**Extracted information:**
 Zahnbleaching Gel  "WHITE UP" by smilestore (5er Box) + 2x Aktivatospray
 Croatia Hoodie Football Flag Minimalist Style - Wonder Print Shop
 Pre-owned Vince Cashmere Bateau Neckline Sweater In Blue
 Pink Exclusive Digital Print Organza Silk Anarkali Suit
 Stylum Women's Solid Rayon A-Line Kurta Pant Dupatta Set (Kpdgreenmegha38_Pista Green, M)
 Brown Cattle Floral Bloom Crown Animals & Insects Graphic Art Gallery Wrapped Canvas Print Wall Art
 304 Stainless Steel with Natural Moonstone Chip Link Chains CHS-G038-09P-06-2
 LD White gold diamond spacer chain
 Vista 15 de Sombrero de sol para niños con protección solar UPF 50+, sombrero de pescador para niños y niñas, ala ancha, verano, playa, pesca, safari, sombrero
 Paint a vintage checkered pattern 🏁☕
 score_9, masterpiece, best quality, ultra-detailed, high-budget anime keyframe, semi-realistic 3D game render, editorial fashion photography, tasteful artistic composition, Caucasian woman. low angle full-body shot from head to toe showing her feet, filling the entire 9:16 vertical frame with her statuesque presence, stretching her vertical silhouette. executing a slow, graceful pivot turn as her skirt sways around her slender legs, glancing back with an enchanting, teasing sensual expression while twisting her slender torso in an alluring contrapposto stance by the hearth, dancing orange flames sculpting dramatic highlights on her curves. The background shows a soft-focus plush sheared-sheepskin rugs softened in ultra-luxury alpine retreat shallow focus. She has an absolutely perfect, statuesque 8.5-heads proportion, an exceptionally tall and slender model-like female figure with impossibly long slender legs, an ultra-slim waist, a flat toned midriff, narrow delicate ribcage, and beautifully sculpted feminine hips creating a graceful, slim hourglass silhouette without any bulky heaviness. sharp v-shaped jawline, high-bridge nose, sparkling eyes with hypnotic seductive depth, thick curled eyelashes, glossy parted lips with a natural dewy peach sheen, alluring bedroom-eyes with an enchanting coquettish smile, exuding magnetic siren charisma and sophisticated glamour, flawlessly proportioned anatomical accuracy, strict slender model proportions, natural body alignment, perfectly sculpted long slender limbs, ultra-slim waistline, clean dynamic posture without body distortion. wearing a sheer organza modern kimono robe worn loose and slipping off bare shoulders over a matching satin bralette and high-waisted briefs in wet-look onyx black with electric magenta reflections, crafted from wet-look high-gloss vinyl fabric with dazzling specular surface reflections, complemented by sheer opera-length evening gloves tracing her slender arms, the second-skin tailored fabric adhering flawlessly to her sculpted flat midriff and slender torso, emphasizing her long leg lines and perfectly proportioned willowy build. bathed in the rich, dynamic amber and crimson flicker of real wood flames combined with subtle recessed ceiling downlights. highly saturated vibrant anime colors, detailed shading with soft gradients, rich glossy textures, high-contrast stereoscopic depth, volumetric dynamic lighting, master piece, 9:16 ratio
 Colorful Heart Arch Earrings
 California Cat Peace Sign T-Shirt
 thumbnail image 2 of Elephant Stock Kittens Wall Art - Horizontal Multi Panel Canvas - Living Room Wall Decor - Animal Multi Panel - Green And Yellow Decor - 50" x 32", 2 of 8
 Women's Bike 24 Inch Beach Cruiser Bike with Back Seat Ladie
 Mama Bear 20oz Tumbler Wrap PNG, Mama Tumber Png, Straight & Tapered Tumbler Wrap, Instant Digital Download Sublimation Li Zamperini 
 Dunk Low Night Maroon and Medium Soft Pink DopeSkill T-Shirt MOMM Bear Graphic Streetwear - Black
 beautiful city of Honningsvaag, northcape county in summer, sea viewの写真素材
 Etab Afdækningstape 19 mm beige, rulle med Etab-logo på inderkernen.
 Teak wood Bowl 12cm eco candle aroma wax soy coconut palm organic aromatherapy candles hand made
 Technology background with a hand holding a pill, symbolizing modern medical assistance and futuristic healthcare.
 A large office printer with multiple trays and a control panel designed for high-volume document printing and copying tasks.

**Exercise aim:**
Scan the data for the word "Wall" and copy every line where it shows up.

**Task result:**
 Brown Cattle Floral Bloom Crown Animals & Insects Graphic Art Gallery Wrapped Canvas Print Wall Art
 thumbnail image 2 of Elephant Stock Kittens Wall Art - Horizontal Multi Panel Canvas - Living Room Wall Decor - Animal Multi Panel - Green And Yellow Decor - 50" x 32", 2 of 8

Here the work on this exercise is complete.